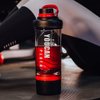 21oz Protein Shaker Bottle with Powder Storage Container-Shaker Cups for Protein Shakes-pre workout bottle-Mixer Cup-Gym Sport Water Bottle -Made with Tritan BPA Free,with Wire Whisk Balls,Red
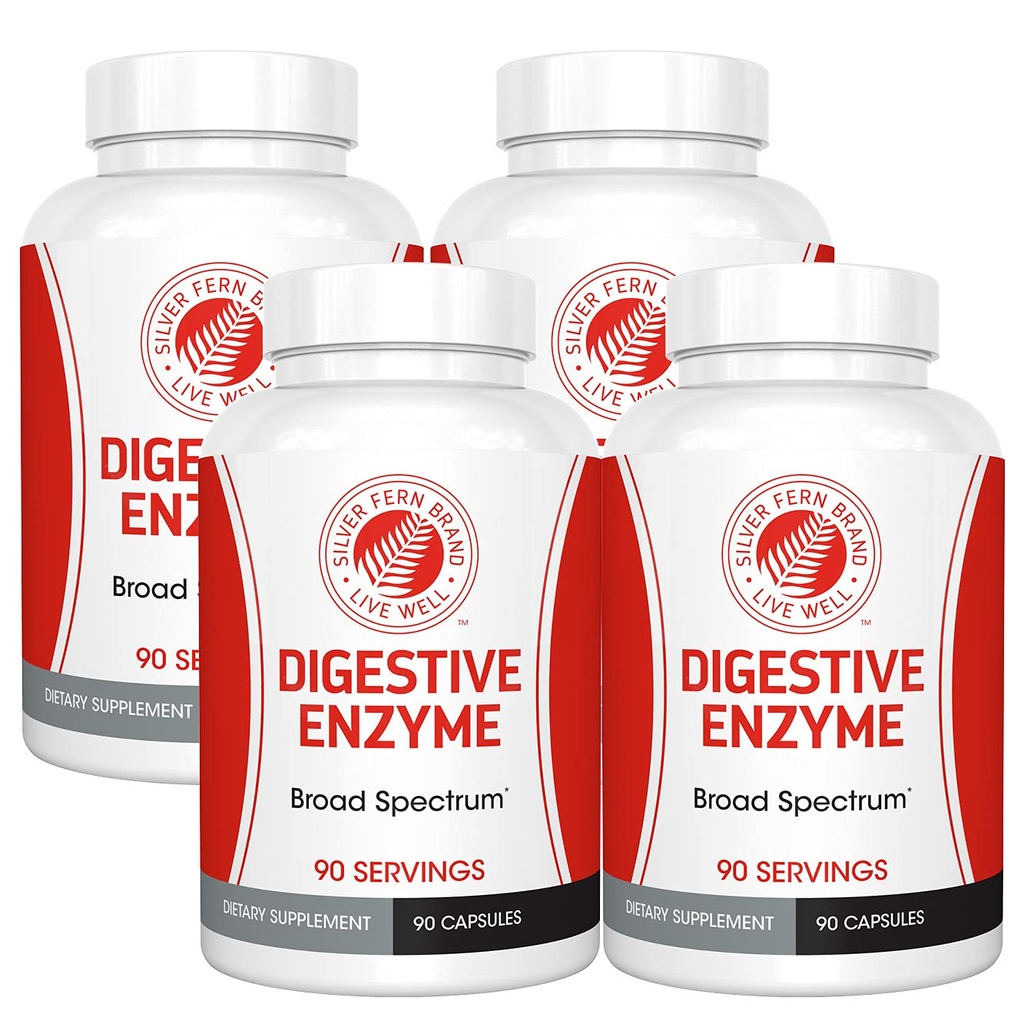 Silver Fern Brand Ultimate Digestive Enzyme Supplement - 4 steklenice - Visoka moč, Multi Enzyme - Prebavna Comfort & Food Tolerance - Amylase, Proteaza, Celulaza, Več
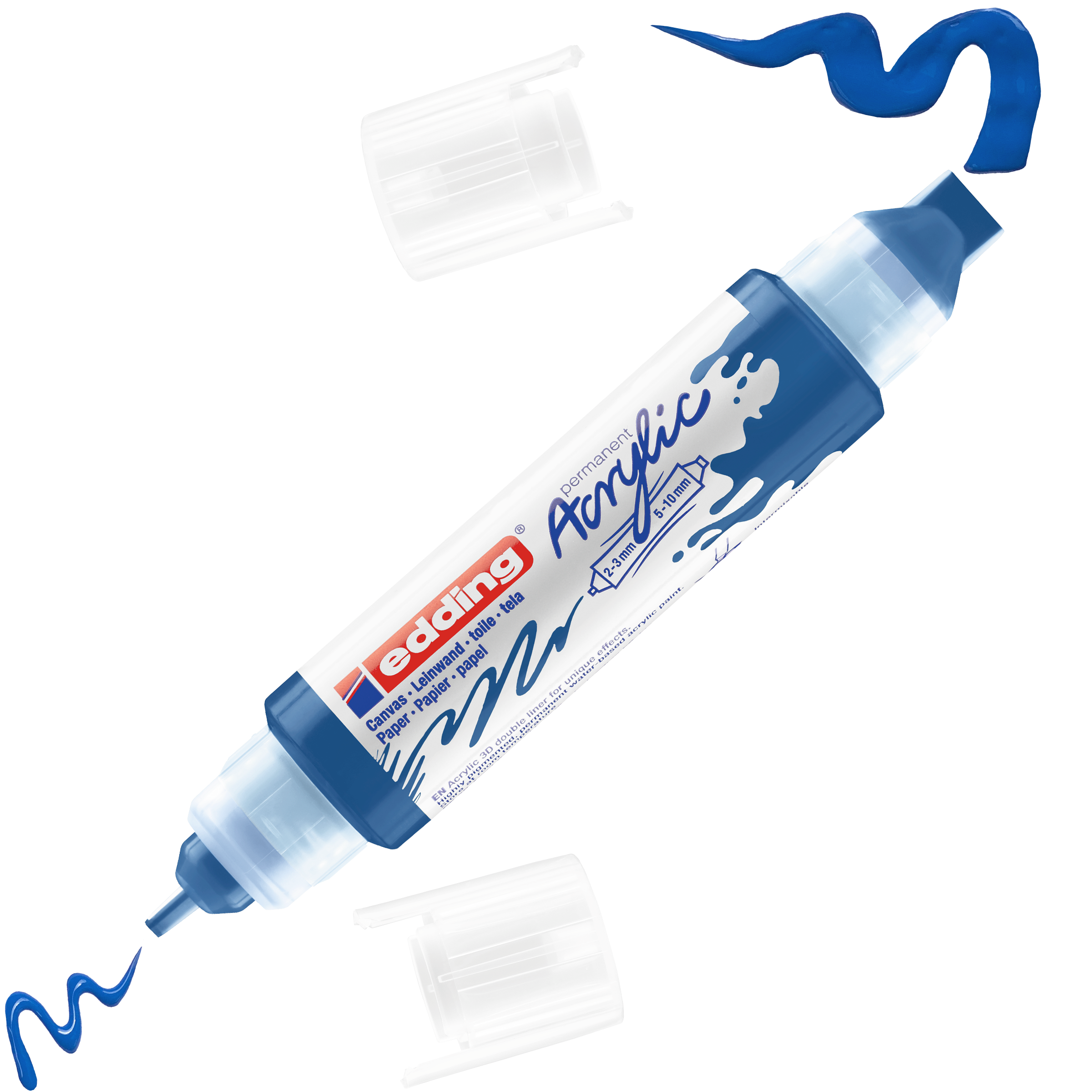 Der doppelseitige edding 5400 Acryl 3D Double Liner mit blauer Tinte und abgenommenen Kappen zeichnet wellenförmige blaue Linien aus jeder Spitze und unterstreicht so seine Vielseitigkeit. Das Etikett trägt den Schriftzug „Acryl“ und zeigt das edding-Logo, was auf 3D-Effekte hindeutet.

Exercise objective — Once the images are removed, print the remaining data exactly as it appears above.

Solution for this task —
 21oz Protein Shaker Bottle with Powder Storage Container-Shaker Cups for Protein Shakes-pre workout bottle-Mixer Cup-Gym Sport Water Bottle -Made with Tritan BPA Free,with Wire Whisk Balls,Red
 Silver Fern Brand Ultimate Digestive Enzyme Supplement - 4 steklenice - Visoka moč, Multi Enzyme - Prebavna Comfort & Food Tolerance - Amylase, Proteaza, Celulaza, Več
 Der doppelseitige edding 5400 Acryl 3D Double Liner mit blauer Tinte und abgenommenen Kappen zeichnet wellenförmige blaue Linien aus jeder Spitze und unterstreicht so seine Vielseitigkeit. Das Etikett trägt den Schriftzug „Acryl“ und zeigt das edding-Logo, was auf 3D-Effekte hindeutet.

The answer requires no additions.